Throughout the chapters in this book, there is frequent mention of Dilly’s system of rodding for breaking messages. Appendix 2, written by Frank Carter for the Bletchley Park Trust, explains how the rods were made specifically to match each machine. Although it refers to the rods’ original use for the un-Steckered Enigma machine, there were occasions when rodding could be applied to the Steckered German service machine, such as the ‘routine operation’ put in place in confirming the authenticity of the ‘crib message’ provided in the 1930 operator’s manual when Dilly stripped off the Stecker as a reciprocal substitution super-encipherment. His fundamental methods for breaking Scherbius’s original machine had been a vital step in cryptanalysis, allowing later complications, such as the multi-turnover nature of the Abwehr machine, to be dealt with as they arose. As stated in the appendix, the rods used are those made for the German Railways ‘K’ model machine, broken on Dilly’s methods in 1940. The term ‘rotor’, as is now normal in modern cryptographic texts, has replaced the word ‘wheel’, which was always used at Bletchley Park, being a near translation of Walze, the word used in the German description of the Enigma machine.

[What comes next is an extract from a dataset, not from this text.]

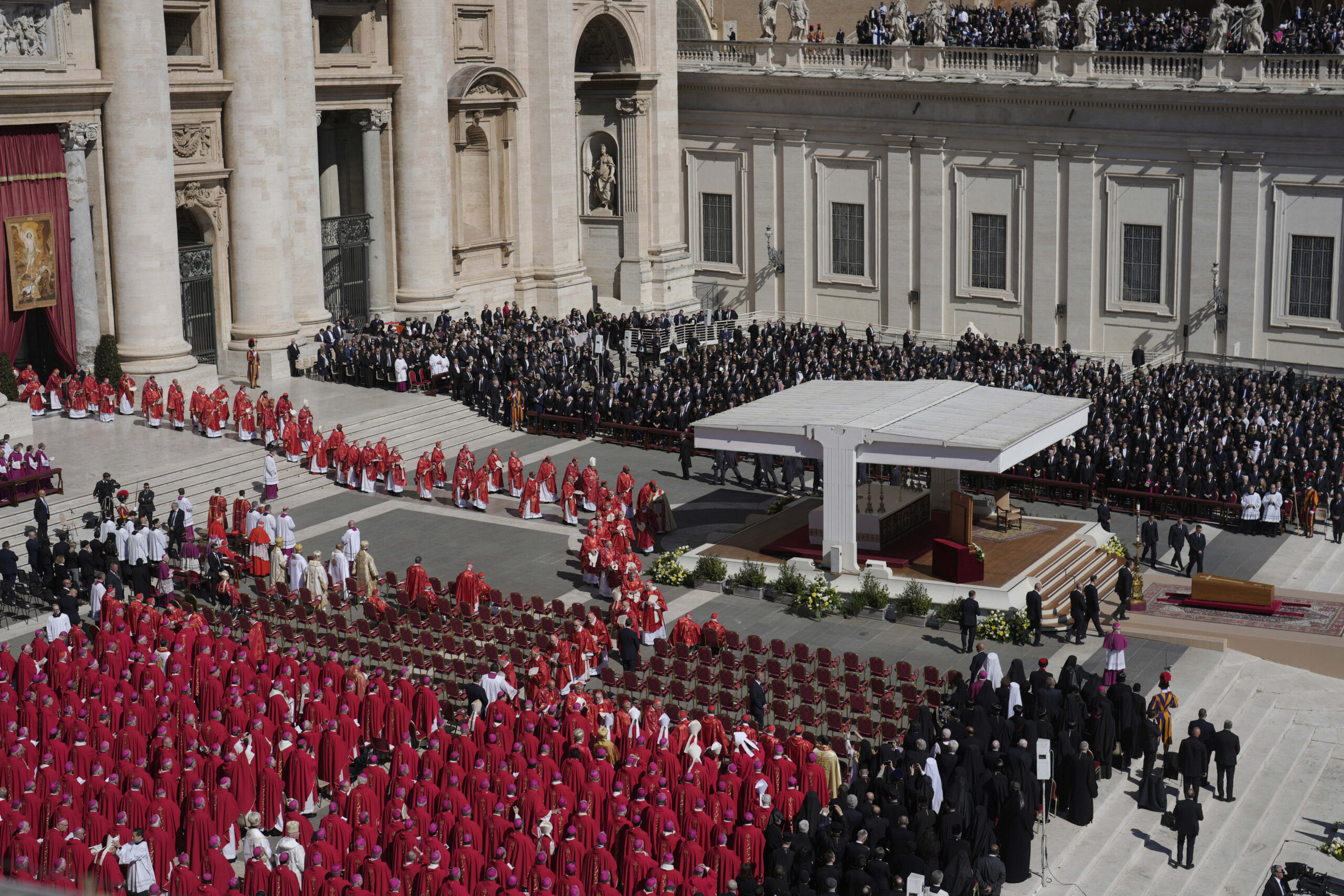 Funerali Papa Francesco, l’omelia del cardinale Giovanni Battista Re: “Da voi affetto e partecipazione” Funerali Papa Francesco, l’omelia del cardinale Giovanni Battista Re: “Da voi affetto e partecipazione”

Appendix 3, also written by Frank Carter for the Bletchley Park Trust, explains ‘buttoning-up’. The author is very grateful to Frank for providing these detailed explanations of Dilly’s techniques. Frank in turn would like to thank Keith Batey, the author’s husband, for his assistance in their compilation. Appendix 4 is Dilly’s wonderfully idiosyncratic description for Alastair Denniston of the ‘lobster hunt’ that preceded the breaking of the Abwehr Enigma, and Appendix 5, compiled by Ralph Erskine, gives a complete list of the machines broken by Dilly’s ISK section.